This update to Claude’s new features is more geared toward developers and team collaboration: on the one hand, it enables Claude Sonnet 3.5 to produce longer outputs; on the other hand, it makes the Claude Console workbench more “evaluable and reusable.” If you’re using the Claude API for customer support, content generation, or automated workflows, these new Claude features will directly affect performance and cost.
Claude Sonnet 3.5 Extended Output: Longer answers are less likely to be cut off
In the Claude API, the maximum output token limit for Claude Sonnet 3.5 has been increased from 4096 to 8192. This new Claude feature is especially noticeable for long-form summarization, long code generation, and explanations of large tables. In the past, you might have needed to split content across multiple turns to finish it; now you can output a more complete result in one go.
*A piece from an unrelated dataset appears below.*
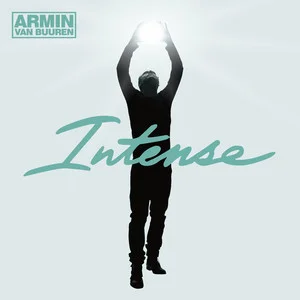 Intense - Armin Van Buuren /Miri Ben-Ari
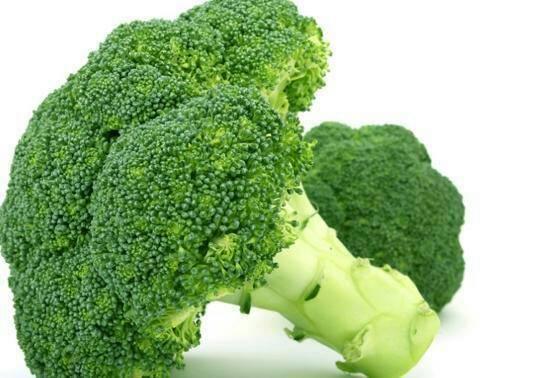 西蘭花是抗癌之王,卻不能與這四種食物一起吃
Note that extended output is not “enabled by default.” When calling the Claude API, you need to add the request header: anthropic-beta: max-tokens-3-5-sonnet-2024-07-15, and set max_tokens to the range you need in order to benefit from this improvement in Claude’s new features.
Claude Console Workbench Upgrade: The prompt generator saves more time
The Claude Console workbench has added a “prompt generator.” You only need to describe the task in one sentence (for example, “categorize and handle inbound customer support requests”), and Claude will produce a more structured prompt draft. This new Claude feature is suitable for quickly turning individual experience into reusable prompt templates for the team.
In practice, it’s recommended that you fill in the inputs: goals, constraints, output format, and error-handling approach. This makes the generated prompts more stable and more aligned with Claude’s response style.
Evaluation Mode Launch: Compare prompts side by side, and score the results
The workbench’s “evaluation mode” lets you display the outputs of two or more prompts side by side and rate Claude’s outputs on a 5-point scale. This new Claude feature is ideal for A/B testing: for the same task, try different prompts to see which is more accurate, more consistent, and less verbose.